Thirdly, the show proved just how musicians have become incapable of performing without record producers to twiddle knobs and make them sound any good. Some of the sets from Wembley and Philadelphia, presented without the benefit of studio treatment, ranged from not very good to pathetic. Demonstrated above all, however, was the power of communication technology: fourteen international satellites beamed the show to 50 million TV sets, reaching an estimated audience of 1.5 billion people. But just as this technology can unite millions of workers for a lofty, if ultimately futile, moral cause, so too can it bind them together for more sinister propaganda messages, such as those demanded for example in the build-up to war. Left in the hands of the capitalist minority the means of mass communication are a potent weapon. But used for socialist purposes, think of how the worldwide unity forged by Live Aid could be turned into an instrument for making democracy work within the global village.

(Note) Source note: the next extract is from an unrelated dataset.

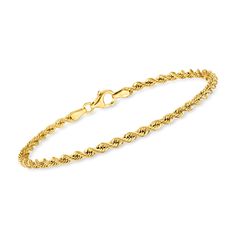 Ross-Simons - Italian 2.7mm 18kt Yellow Gold Rope-Chain Bracelet. 7". There's always room for another chain in your stack! Keep your style classic by adding in our 2.7mm rope-chain bracelet, which gives off a warm glimmer in polished 18kt yellow gold. Made in Italy. Lobster clasp, 18kt yellow gold rope-chain bracelet. Classic Gold Bracelets With Rope Chain, Classic Yellow Gold Chain Bracelet With Diamond Cut, Classic Rope Chain Bracelet, Elegant Rope Chain Link Bracelets, Elegant Bracelets With Link Rope Chain, Elegant Bracelets With Rope Chain And Link Shape, Classic Rope Chain Bracelet Jewelry, Elegant Bracelets With Rope Chain Link, Classic 14k Gold Bracelet With Rope Chain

Watching the show until the final performance by Bob Dylan (not an occasion worthy of the wait, as it turned out), I was struck by an overwhelming sense of depression — not just at the thought that fellow human beings are starving to death, although that is good enough reason for a sleepless night, but because all the goodwill, energy, determination and technological know-how put into “doing something about it” will not feed the world. Despite Geldof’s moral crusade the obscenity of mass human misery will go on and on and on until Elvis Costello stops singing “all you need is love” and the workers realise that the world is ours for the taking. And finally the national anthem came on, and by the time it got to “Long To Reign Over Us” I was fast asleep.